Posiblemente muchas cosas se podrían haber hecho de una forma distinta – y aquí, como en todo, es fácil ser manager después del partido.  Pero la principal decisión de fondo que se estaba tomando en ese momento era si  se intentaba utilizar esos recursos para impulsar el desarrollo del país o – como planteaba Pérez Alfonzo – se debía ahorrarlos en instrumentos externos.  Recuerdo una conversación que una vez tuve con mi padre sobre esto, en la cuál él argumentaba que si hubiésemos invertido esos recursos en bonos del tesoro norteamericano, habríamos estado escogiendo invertir en el desarrollo de los Estados Unidos y no en el nuestro.  Casi cuatro décadas después del momento en que el país se enfrentó a esa encrucijada, no me queda ninguna duda que apostarle al desarrollo de Venezuela era y sigue siendo la decisión correcta.

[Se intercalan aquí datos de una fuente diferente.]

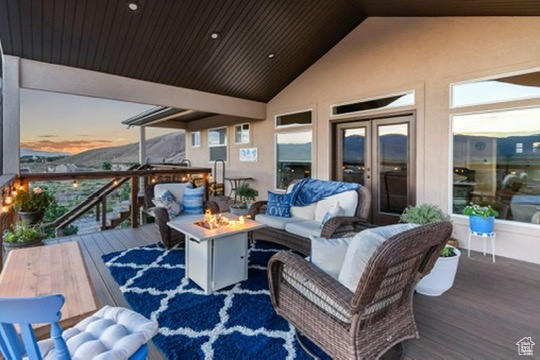 Wooden terrace with an outdoor living space with a fire pit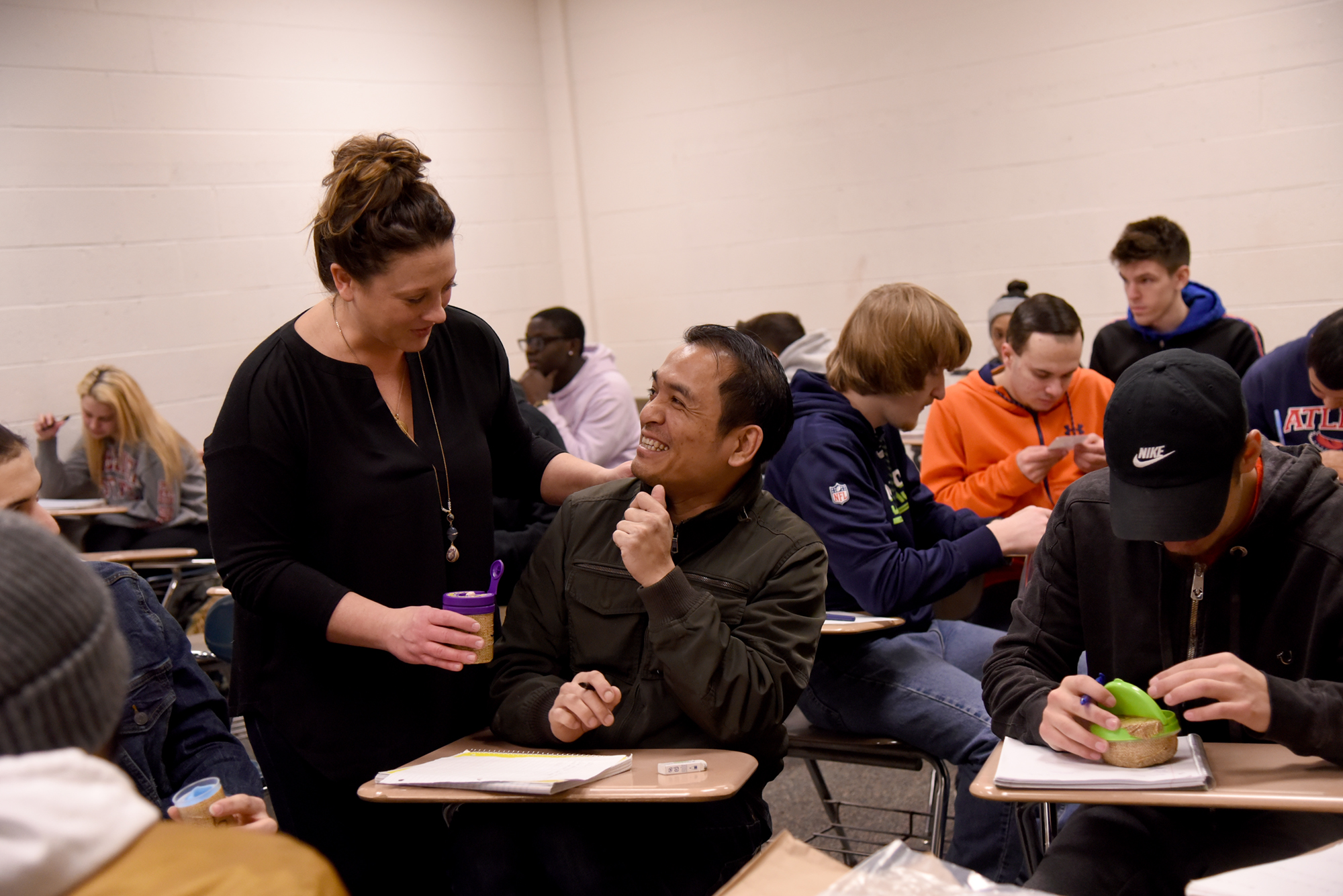 Professor and student talking, smiling in classroom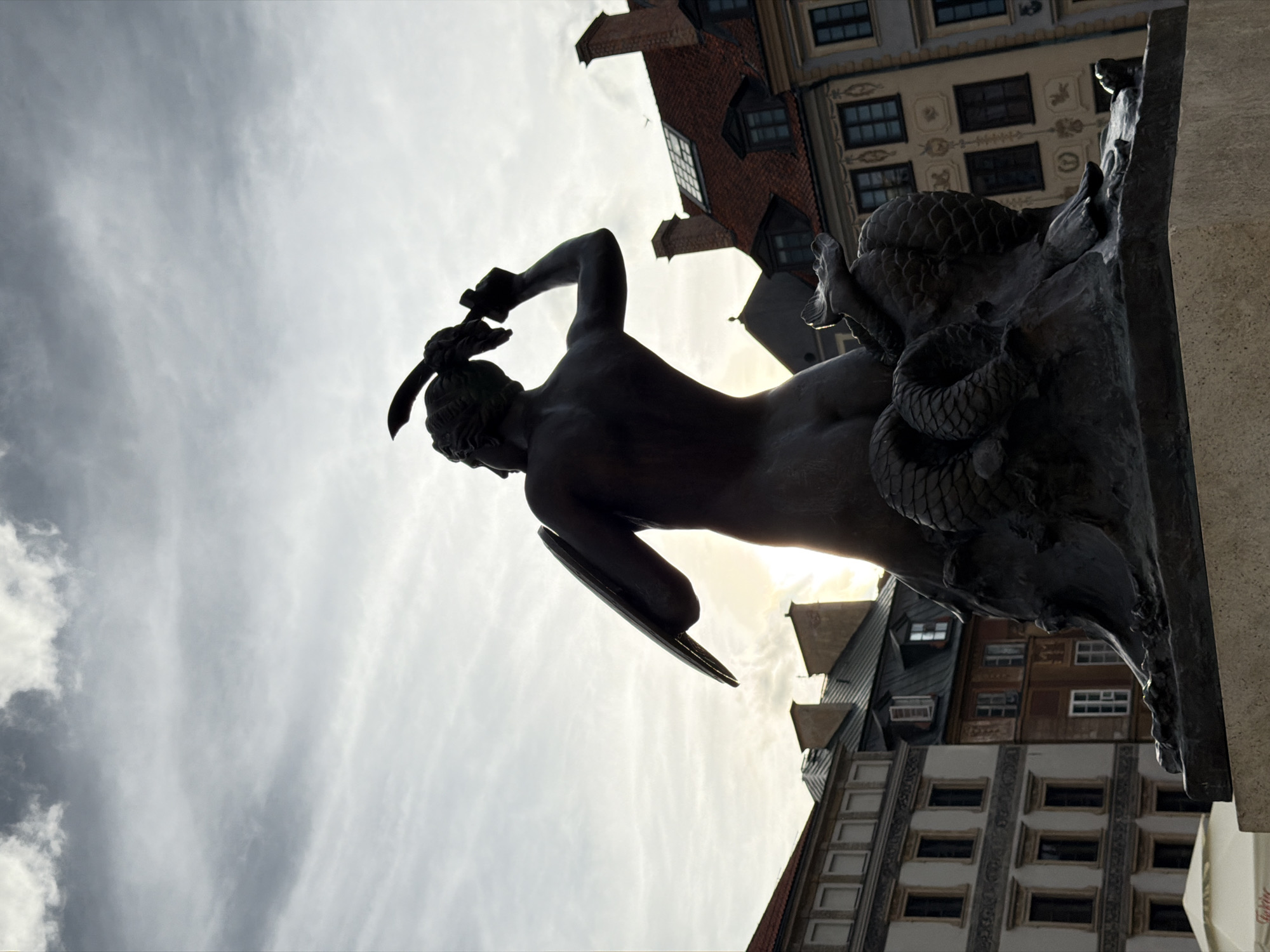 The image shows the Mermaid of Warsaw statue, a bronze sculpture located in the Old Town Market Square (Rynek Starego Miasta) of Warsaw, Poland. The statue depicts a mermaid holding a sword and a shield, poised as if in defense. The sculpture is dark bronze and is set on a stone pedestal. In the background, traditional Warsaw architecture with red tiled roofs and cream-colored facades is visible. The sky above is cloudy and overcast, with the sun attempting to break through, creating a soft illumination. The angle of the photograph is from below the statue, looking upwards.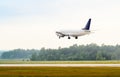 Landing or taking off passenger airplane Royalty Free Stock Photo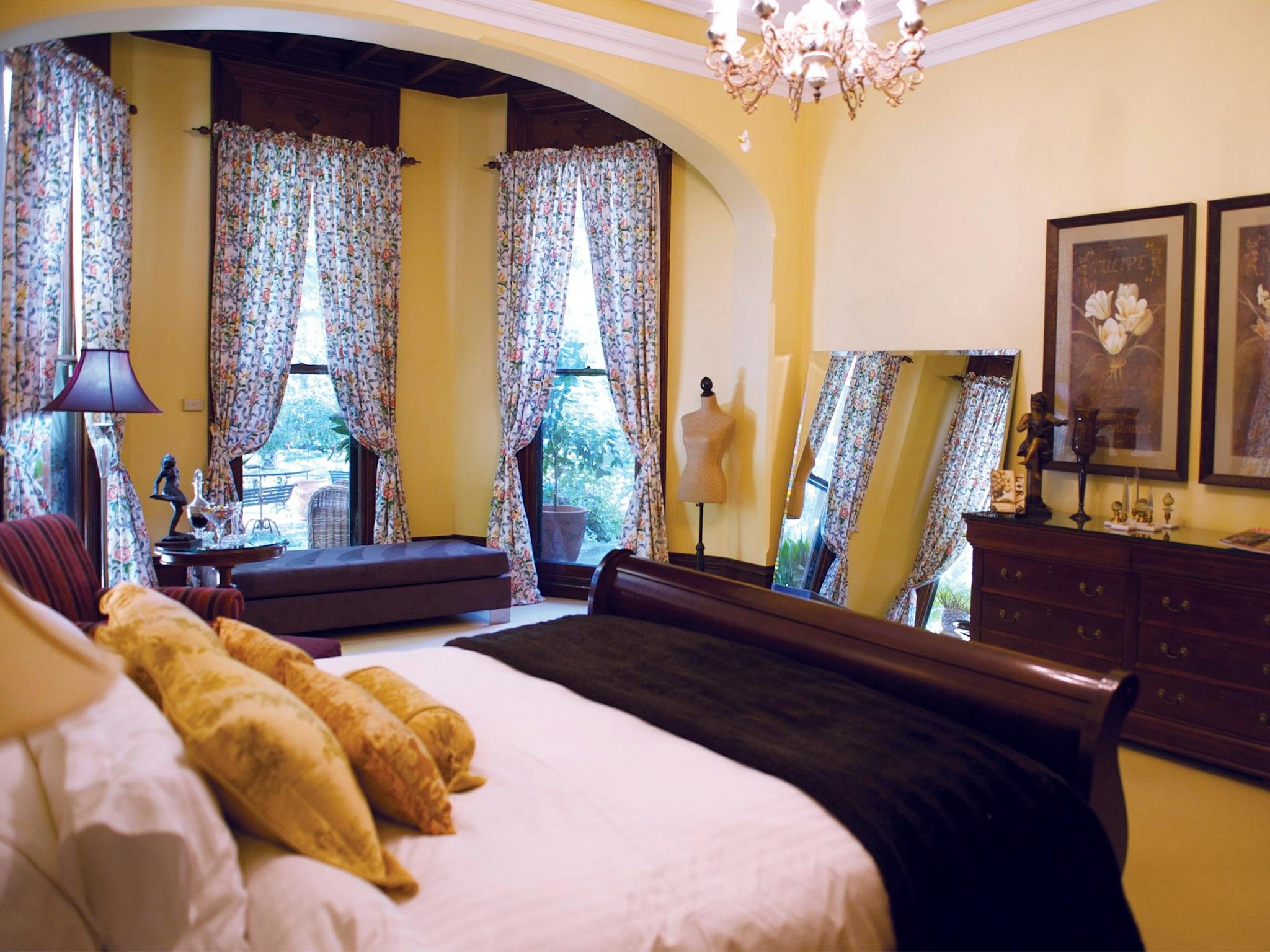 Grand Botannica room with superking bed dressed with luxurious linen overlooking the parkland garden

2001: Descubriendo un legado

Hace unos diez años, cuando dirigía la Oficina de Asesoría Económica y Financiera de la Asamblea Nacional, decidí que iba a cumplir un viejo sueño – e iba a saldar una vieja deuda – dando clases de economía en la Universidad Católica Andrés Bello, el mismo lugar donde hice mis estudios de pregrado.   En vez de escoger dar clases sobre crecimiento o economía internacional – materias que ya había enseñado antes en la Universidad de Maryland – decidí dar un seminario sobre historia económica de Venezuela.  Era la única forma de disciplinarme a mí mismo para aprender todo lo que no sabía sobre una materia cuyo conocimiento me parecía indispensable pero que había estado totalmente ausente de mi formación académica.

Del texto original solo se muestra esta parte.